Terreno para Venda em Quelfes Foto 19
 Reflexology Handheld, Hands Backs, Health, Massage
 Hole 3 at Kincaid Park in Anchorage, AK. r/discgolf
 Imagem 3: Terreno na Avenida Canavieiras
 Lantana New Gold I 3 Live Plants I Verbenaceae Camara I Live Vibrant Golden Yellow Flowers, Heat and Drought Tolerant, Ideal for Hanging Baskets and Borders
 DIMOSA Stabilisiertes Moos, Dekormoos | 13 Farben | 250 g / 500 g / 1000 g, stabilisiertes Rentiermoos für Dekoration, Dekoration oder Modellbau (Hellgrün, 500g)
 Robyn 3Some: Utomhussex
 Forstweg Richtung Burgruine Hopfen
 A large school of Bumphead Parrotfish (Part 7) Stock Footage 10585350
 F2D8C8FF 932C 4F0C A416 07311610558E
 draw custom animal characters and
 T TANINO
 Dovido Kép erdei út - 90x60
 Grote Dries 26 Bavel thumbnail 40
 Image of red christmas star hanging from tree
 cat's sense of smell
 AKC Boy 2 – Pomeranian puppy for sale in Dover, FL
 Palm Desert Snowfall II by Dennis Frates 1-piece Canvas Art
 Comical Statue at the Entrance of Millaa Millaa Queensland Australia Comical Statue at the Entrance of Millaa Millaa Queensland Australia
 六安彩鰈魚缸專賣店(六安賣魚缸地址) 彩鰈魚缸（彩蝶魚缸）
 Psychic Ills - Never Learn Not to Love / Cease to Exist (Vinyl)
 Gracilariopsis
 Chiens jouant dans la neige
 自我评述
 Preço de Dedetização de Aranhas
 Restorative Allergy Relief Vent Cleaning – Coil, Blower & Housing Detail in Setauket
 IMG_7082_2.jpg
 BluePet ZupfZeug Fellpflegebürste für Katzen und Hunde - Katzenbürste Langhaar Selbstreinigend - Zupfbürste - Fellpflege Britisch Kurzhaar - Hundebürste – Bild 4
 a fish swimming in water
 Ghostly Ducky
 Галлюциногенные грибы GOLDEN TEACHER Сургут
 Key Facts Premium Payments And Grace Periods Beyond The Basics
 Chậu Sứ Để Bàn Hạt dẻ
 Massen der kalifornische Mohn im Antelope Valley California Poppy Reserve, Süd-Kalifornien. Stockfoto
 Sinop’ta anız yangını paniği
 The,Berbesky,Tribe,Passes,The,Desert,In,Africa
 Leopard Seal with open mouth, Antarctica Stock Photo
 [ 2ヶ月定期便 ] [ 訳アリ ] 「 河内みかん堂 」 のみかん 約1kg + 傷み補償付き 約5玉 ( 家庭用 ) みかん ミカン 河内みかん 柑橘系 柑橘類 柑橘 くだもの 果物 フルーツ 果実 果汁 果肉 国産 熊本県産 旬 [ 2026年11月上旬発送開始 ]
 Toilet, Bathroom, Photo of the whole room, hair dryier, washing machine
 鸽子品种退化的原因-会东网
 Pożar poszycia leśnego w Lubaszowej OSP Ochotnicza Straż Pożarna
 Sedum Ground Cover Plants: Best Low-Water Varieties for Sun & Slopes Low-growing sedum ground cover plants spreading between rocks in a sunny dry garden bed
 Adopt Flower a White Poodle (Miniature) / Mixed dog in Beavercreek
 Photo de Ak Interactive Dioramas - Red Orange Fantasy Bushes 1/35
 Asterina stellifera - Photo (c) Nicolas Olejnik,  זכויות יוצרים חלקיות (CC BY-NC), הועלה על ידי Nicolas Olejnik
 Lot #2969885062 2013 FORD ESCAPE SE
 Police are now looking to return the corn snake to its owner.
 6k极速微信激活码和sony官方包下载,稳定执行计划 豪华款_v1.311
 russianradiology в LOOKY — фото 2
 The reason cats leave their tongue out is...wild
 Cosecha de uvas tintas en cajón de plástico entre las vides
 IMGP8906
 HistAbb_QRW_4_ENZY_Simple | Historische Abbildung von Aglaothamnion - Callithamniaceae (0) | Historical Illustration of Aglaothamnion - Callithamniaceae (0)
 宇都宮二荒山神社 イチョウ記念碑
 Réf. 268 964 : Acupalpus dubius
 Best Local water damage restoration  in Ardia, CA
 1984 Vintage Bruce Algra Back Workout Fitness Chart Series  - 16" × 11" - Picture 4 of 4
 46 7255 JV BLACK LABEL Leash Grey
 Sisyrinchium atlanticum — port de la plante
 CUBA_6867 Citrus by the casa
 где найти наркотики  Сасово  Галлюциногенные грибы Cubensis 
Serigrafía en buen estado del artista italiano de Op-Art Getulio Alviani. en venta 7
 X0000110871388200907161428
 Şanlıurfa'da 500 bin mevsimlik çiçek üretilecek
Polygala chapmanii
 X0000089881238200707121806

→ TASK DIRECTIONS
Each record is to be retyped exactly as it appears.

→ ANSWER TO THE EXERCISE
Terreno para Venda em Quelfes Foto 19
 Reflexology Handheld, Hands Backs, Health, Massage
 Hole 3 at Kincaid Park in Anchorage, AK. r/discgolf
 Imagem 3: Terreno na Avenida Canavieiras
 Lantana New Gold I 3 Live Plants I Verbenaceae Camara I Live Vibrant Golden Yellow Flowers, Heat and Drought Tolerant, Ideal for Hanging Baskets and Borders
 DIMOSA Stabilisiertes Moos, Dekormoos | 13 Farben | 250 g / 500 g / 1000 g, stabilisiertes Rentiermoos für Dekoration, Dekoration oder Modellbau (Hellgrün, 500g)
 Robyn 3Some: Utomhussex
 Forstweg Richtung Burgruine Hopfen
 A large school of Bumphead Parrotfish (Part 7) Stock Footage 10585350
 F2D8C8FF 932C 4F0C A416 07311610558E
 draw custom animal characters and
 T TANINO
 Dovido Kép erdei út - 90x60
 Grote Dries 26 Bavel thumbnail 40
 Image of red christmas star hanging from tree
 cat's sense of smell
 AKC Boy 2 – Pomeranian puppy for sale in Dover, FL
 Palm Desert Snowfall II by Dennis Frates 1-piece Canvas Art
 Comical Statue at the Entrance of Millaa Millaa Queensland Australia Comical Statue at the Entrance of Millaa Millaa Queensland Australia
 六安彩鰈魚缸專賣店(六安賣魚缸地址) 彩鰈魚缸（彩蝶魚缸）
 Psychic Ills - Never Learn Not to Love / Cease to Exist (Vinyl)
 Gracilariopsis
 Chiens jouant dans la neige
 自我评述
 Preço de Dedetização de Aranhas
 Restorative Allergy Relief Vent Cleaning – Coil, Blower & Housing Detail in Setauket
 IMG_7082_2.jpg
 BluePet ZupfZeug Fellpflegebürste für Katzen und Hunde - Katzenbürste Langhaar Selbstreinigend - Zupfbürste - Fellpflege Britisch Kurzhaar - Hundebürste – Bild 4
 a fish swimming in water
 Ghostly Ducky
 Галлюциногенные грибы GOLDEN TEACHER Сургут
 Key Facts Premium Payments And Grace Periods Beyond The Basics
 Chậu Sứ Để Bàn Hạt dẻ
 Massen der kalifornische Mohn im Antelope Valley California Poppy Reserve, Süd-Kalifornien. Stockfoto
 Sinop’ta anız yangını paniği
 The,Berbesky,Tribe,Passes,The,Desert,In,Africa
 Leopard Seal with open mouth, Antarctica Stock Photo
 [ 2ヶ月定期便 ] [ 訳アリ ] 「 河内みかん堂 」 のみかん 約1kg + 傷み補償付き 約5玉 ( 家庭用 ) みかん ミカン 河内みかん 柑橘系 柑橘類 柑橘 くだもの 果物 フルーツ 果実 果汁 果肉 国産 熊本県産 旬 [ 2026年11月上旬発送開始 ]
 Toilet, Bathroom, Photo of the whole room, hair dryier, washing machine
 鸽子品种退化的原因-会东网
 Pożar poszycia leśnego w Lubaszowej OSP Ochotnicza Straż Pożarna
 Sedum Ground Cover Plants: Best Low-Water Varieties for Sun & Slopes Low-growing sedum ground cover plants spreading between rocks in a sunny dry garden bed
 Adopt Flower a White Poodle (Miniature) / Mixed dog in Beavercreek
 Photo de Ak Interactive Dioramas - Red Orange Fantasy Bushes 1/35
 Asterina stellifera - Photo (c) Nicolas Olejnik,  זכויות יוצרים חלקיות (CC BY-NC), הועלה על ידי Nicolas Olejnik
 Lot #2969885062 2013 FORD ESCAPE SE
 Police are now looking to return the corn snake to its owner.
 6k极速微信激活码和sony官方包下载,稳定执行计划 豪华款_v1.311
 russianradiology в LOOKY — фото 2
 The reason cats leave their tongue out is...wild
 Cosecha de uvas tintas en cajón de plástico entre las vides
 IMGP8906
 HistAbb_QRW_4_ENZY_Simple | Historische Abbildung von Aglaothamnion - Callithamniaceae (0) | Historical Illustration of Aglaothamnion - Callithamniaceae (0)
 宇都宮二荒山神社 イチョウ記念碑
 Réf. 268 964 : Acupalpus dubius
 Best Local water damage restoration  in Ardia, CA
 1984 Vintage Bruce Algra Back Workout Fitness Chart Series  - 16" × 11" - Picture 4 of 4
 46 7255 JV BLACK LABEL Leash Grey
 Sisyrinchium atlanticum — port de la plante
 CUBA_6867 Citrus by the casa
 где найти наркотики  Сасово  Галлюциногенные грибы Cubensis 
Serigrafía en buen estado del artista italiano de Op-Art Getulio Alviani. en venta 7
 X0000110871388200907161428
 Şanlıurfa'da 500 bin mevsimlik çiçek üretilecek
Polygala chapmanii
 X0000089881238200707121806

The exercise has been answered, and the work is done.